Crawled caption data
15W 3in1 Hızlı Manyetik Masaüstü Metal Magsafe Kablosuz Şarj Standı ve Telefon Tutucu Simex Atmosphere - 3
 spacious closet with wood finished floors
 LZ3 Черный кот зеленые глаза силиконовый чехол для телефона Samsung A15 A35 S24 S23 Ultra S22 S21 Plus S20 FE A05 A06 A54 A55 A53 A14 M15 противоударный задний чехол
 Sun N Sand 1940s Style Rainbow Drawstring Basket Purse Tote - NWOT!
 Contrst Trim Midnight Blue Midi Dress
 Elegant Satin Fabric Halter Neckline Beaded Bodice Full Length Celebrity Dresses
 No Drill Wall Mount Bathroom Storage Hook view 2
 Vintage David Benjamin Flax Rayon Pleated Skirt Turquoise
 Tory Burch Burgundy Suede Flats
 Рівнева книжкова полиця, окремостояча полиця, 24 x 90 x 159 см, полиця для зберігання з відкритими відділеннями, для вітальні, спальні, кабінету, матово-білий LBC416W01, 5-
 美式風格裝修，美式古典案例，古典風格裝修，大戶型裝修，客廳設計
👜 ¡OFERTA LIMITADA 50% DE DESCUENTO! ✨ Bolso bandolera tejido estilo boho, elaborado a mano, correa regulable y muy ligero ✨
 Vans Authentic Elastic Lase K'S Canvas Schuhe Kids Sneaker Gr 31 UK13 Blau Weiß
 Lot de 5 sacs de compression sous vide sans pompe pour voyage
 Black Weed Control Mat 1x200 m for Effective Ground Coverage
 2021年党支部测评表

§ Task statement: What is needed here is an exact reproduction of all the entries.

§ Answer:
15W 3in1 Hızlı Manyetik Masaüstü Metal Magsafe Kablosuz Şarj Standı ve Telefon Tutucu Simex Atmosphere - 3
 spacious closet with wood finished floors
 LZ3 Черный кот зеленые глаза силиконовый чехол для телефона Samsung A15 A35 S24 S23 Ultra S22 S21 Plus S20 FE A05 A06 A54 A55 A53 A14 M15 противоударный задний чехол
 Sun N Sand 1940s Style Rainbow Drawstring Basket Purse Tote - NWOT!
 Contrst Trim Midnight Blue Midi Dress
 Elegant Satin Fabric Halter Neckline Beaded Bodice Full Length Celebrity Dresses
 No Drill Wall Mount Bathroom Storage Hook view 2
 Vintage David Benjamin Flax Rayon Pleated Skirt Turquoise
 Tory Burch Burgundy Suede Flats
 Рівнева книжкова полиця, окремостояча полиця, 24 x 90 x 159 см, полиця для зберігання з відкритими відділеннями, для вітальні, спальні, кабінету, матово-білий LBC416W01, 5-
 美式風格裝修，美式古典案例，古典風格裝修，大戶型裝修，客廳設計
👜 ¡OFERTA LIMITADA 50% DE DESCUENTO! ✨ Bolso bandolera tejido estilo boho, elaborado a mano, correa regulable y muy ligero ✨
 Vans Authentic Elastic Lase K'S Canvas Schuhe Kids Sneaker Gr 31 UK13 Blau Weiß
 Lot de 5 sacs de compression sous vide sans pompe pour voyage
 Black Weed Control Mat 1x200 m for Effective Ground Coverage
 2021年党支部测评表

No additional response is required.